É o que diz Christian Girault, 61,
pesquisador francês do CNRS
(Centro Nacional de Pesquisa
Científica). De imediato, afirma,
todas as facções farão de tudo para agradar aos Estados Unidos.
Mas, a médio prazo, surgirão divergências sobre as regras pelas
quais disputarão o poder.
Eis os principais trechos da entrevista, feita por telefone.
Folha - É possível que o quadro
político haitiano se estabilize?
Christian Girault - Penso que haverá de imediato alguma estabilidade. Todos os protagonistas se
dizem amigos dos EUA e farão de
tudo para não lhes desagradar.
Guy Philippe, líder dos insurgentes, já prometeu entregar suas armas. Caso não o faça, os americanos o desarmarão com certeza.

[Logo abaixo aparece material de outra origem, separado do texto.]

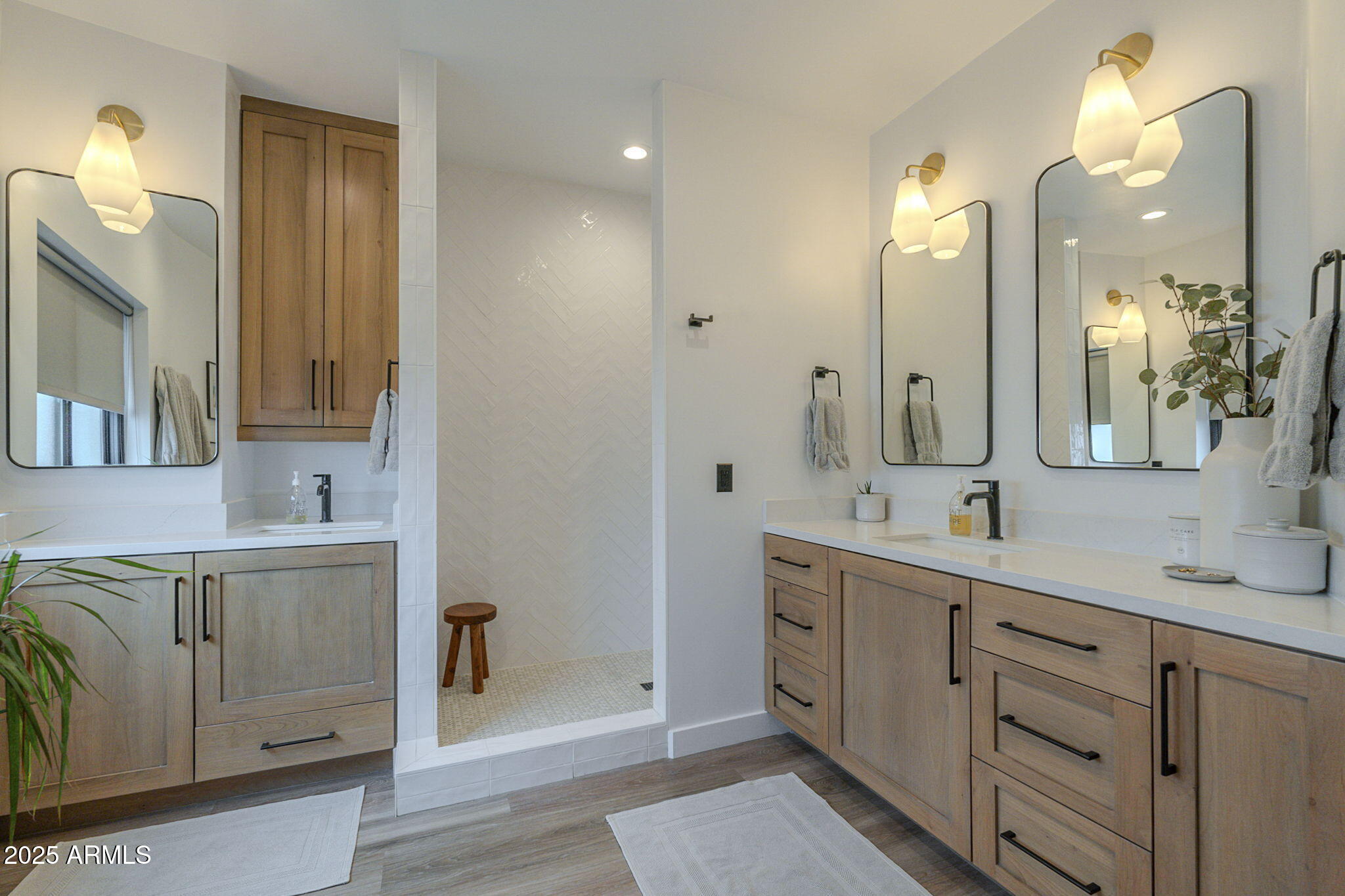 3635 N 68TH Street, 3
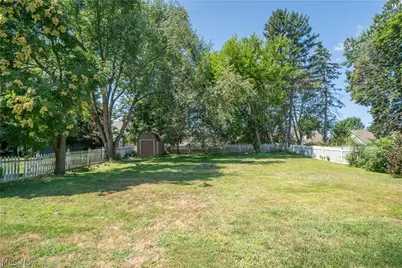 1041 Orchard Avenue NE, North Canton, OH 44720 - Photo 27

Folha - Como reconstruir o país
com a oposição tão heterogênea?
Girault - Há muitos riscos. O
principal está na impossibilidade
de entendimento interno sobre as
regras a partir das quais o poder
será redisputado. Não há apenas
democratas na oposição.
Folha - Por que o desgaste tão
abrupto do presidente Aristide?
Girault - A margem de manobra
dele se reduziu de modo muito rápido. Ele perdeu rapidamente as
principais regiões do país para os
rebeldes. Não chegou a ser cercado porque não ocorreu uma operação militar. Os rebeldes não
passavam de ex-policiais ou ex-militares que detinham suas antigas armas e com elas tomavam de
assalto delegacias de polícia.
Folha - De que forma pesou a
oposição política na capital?
Girault - Essa oposição é bastante díspar. Ela não reagiu de forma
coordenada. Mesmo assim, a
oposição procurou agradar aos
EUA, e suas denúncias enfraqueceram Aristide.

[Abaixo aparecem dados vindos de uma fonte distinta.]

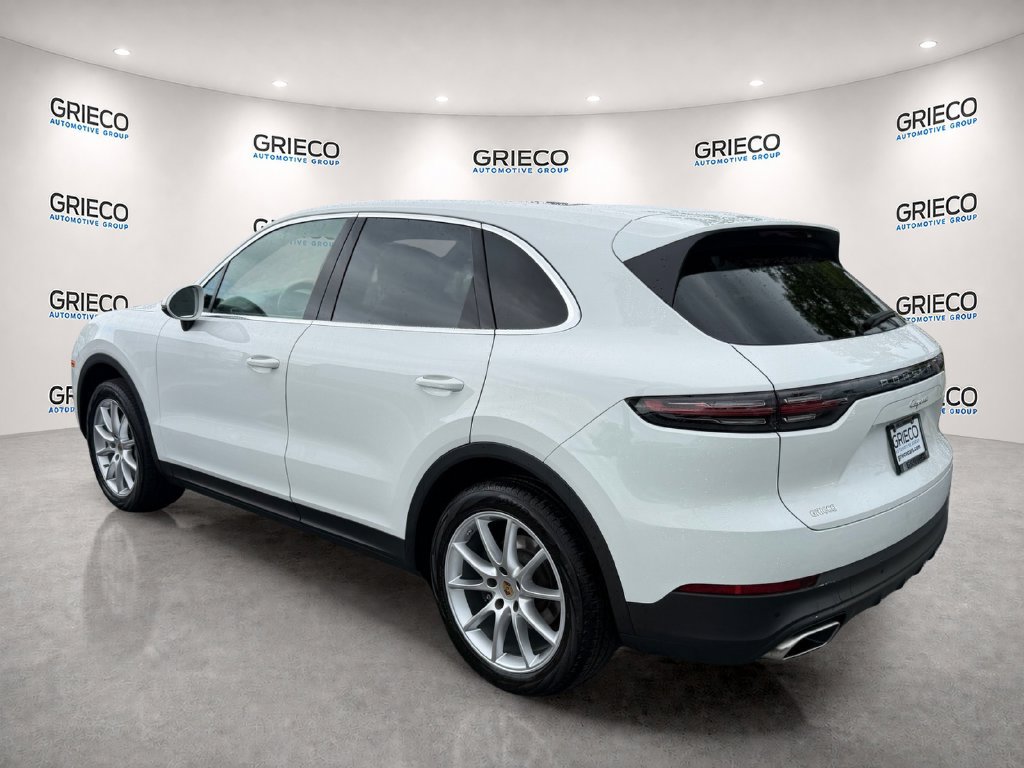 Used 2023 Porsche Cayenne w/ Premium Package AWD/4WD image 5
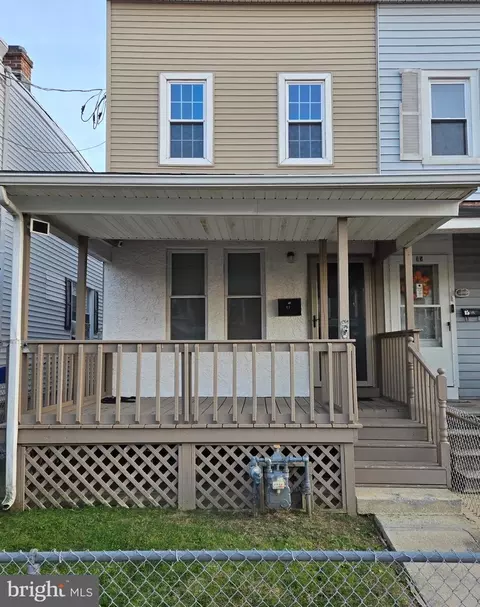 Exterior - 13 W 8th St, Marcus Hook, PA 19061 photo 11 of 12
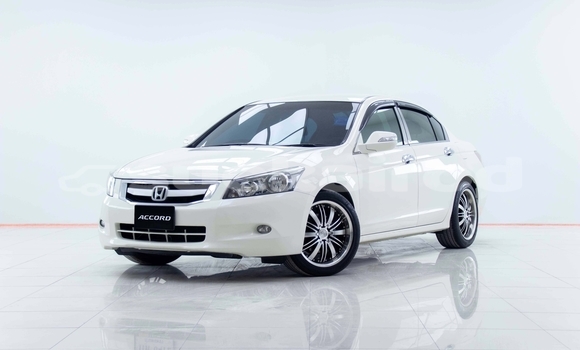 ซื้อ รถมือสอง Honda Accord ขาว รถยนต์ ใน %{เมือง} ใน กรุงเทพมหานคร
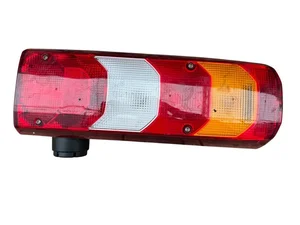 Gebrauchtes Original Mercedes-Benz Trucks A0035449103 ACTROS MP4 / MP5 2018 Rückleuchte rechts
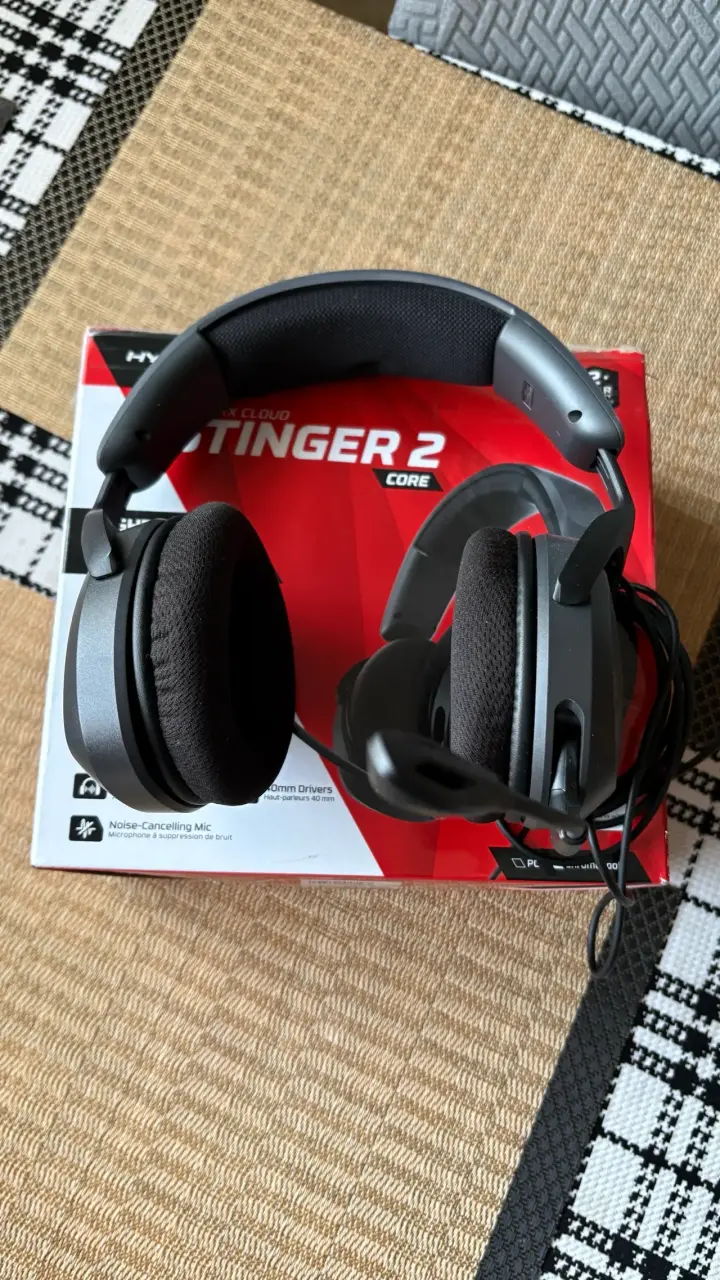 Audífonos HyperX Cloud Stinger 2 - 4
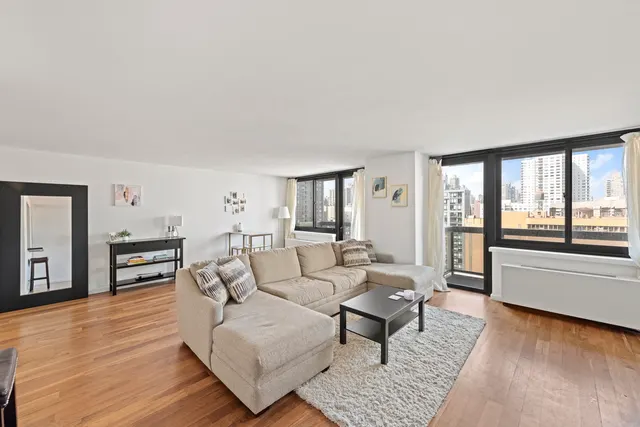 515 East 72nd Street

Folha - Foram os EUA que reinvestiram Aristide na Presidência, em
1994. O que é que deu errado?
Girault - Quando Washington
recolocou Aristide [deposto em
golpe em 91] no poder, a operação
teve o guarda-chuva institucional
da ONU. Os americanos demoraram três anos para reinvesti-lo
porque ele nunca foi em Washington uma primeira opção.
Folha - Mas para viabilizar o governo dele teria sido preciso um
programa de apoio financeiro.
Girault - De início, os EUA e a
União Européia tinham projetos
concretos de ajuda ao Haiti. A
partir de 1994, os americanos participaram de missões para restabelecer a Justiça, reconstruir o sistema penitenciário e as forças de
polícia. Em fevereiro de 1995,
Aristide havia suprimido as Forças Armadas, porque elas o haviam deposto e também porque
estavam corrompidas e marcadas
por atrocidades em termos de direitos humanos. Foram 20 mil no
regime militar.
Folha - O que deu errado?
Girault - Foi basicamente a corrupção. Os programas haitianos
mudavam com freqüência e não
se sabia ao certo no bolso de
quem o dinheiro iria parar. A partir de 1997 ou 1998, a ajuda norte-americana e européia cessou.

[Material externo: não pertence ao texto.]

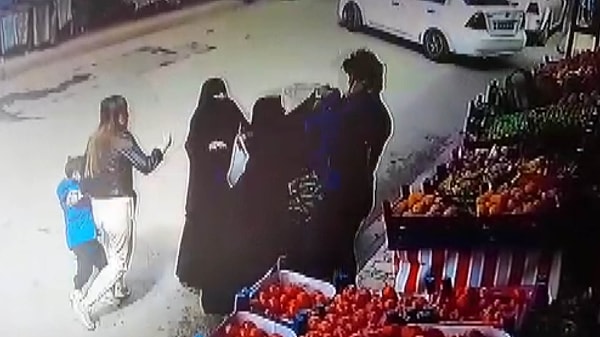 Olaya tanık olan çevredekiler kadınlara saldıran şüpheliye tepki gösterirken, o anlar marketin güvenlik kamerasınca da kaydedildi.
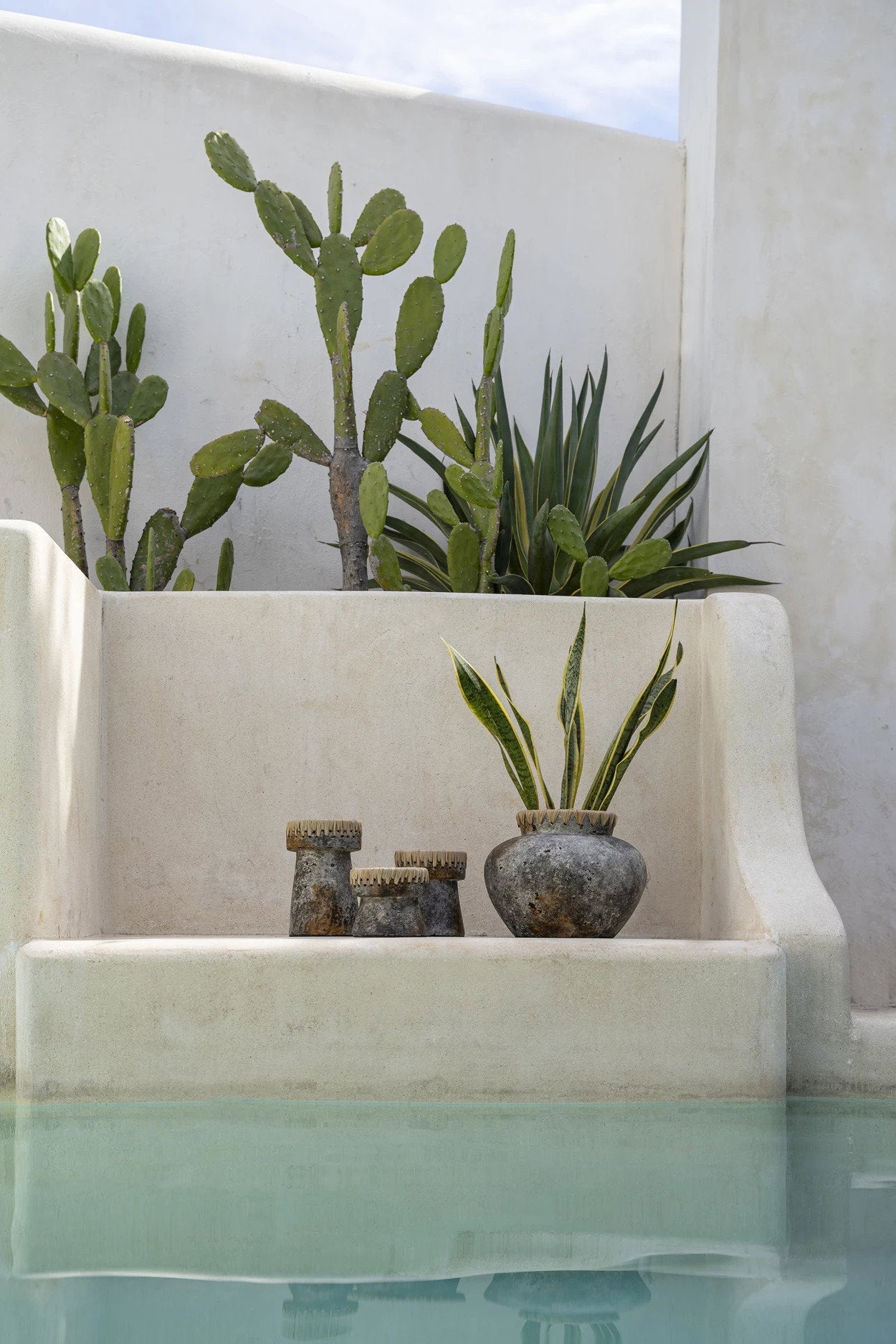 Die stylische Vase – Antikgrau – L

Folha - Não se tinha, então, um
interlocutor local confiável?
Girault - A situação política também se tornou instável pelo calendário eleitoral. Nas eleições de
1997, a oposição acusou Aristide
de fraude. O mesmo aconteceu
em 2000, quando a oposição fraudulentamente foi privada de representação no Senado. A oposição fez denúncias embasadas, e
Washington as levou a sério. Em
2000, pessoas provavelmente ligadas ao presidente assassinaram
um jornalista importante, Jean
Dominique, o que agravou ainda
mais a situação. O país caiu em estágio letárgico.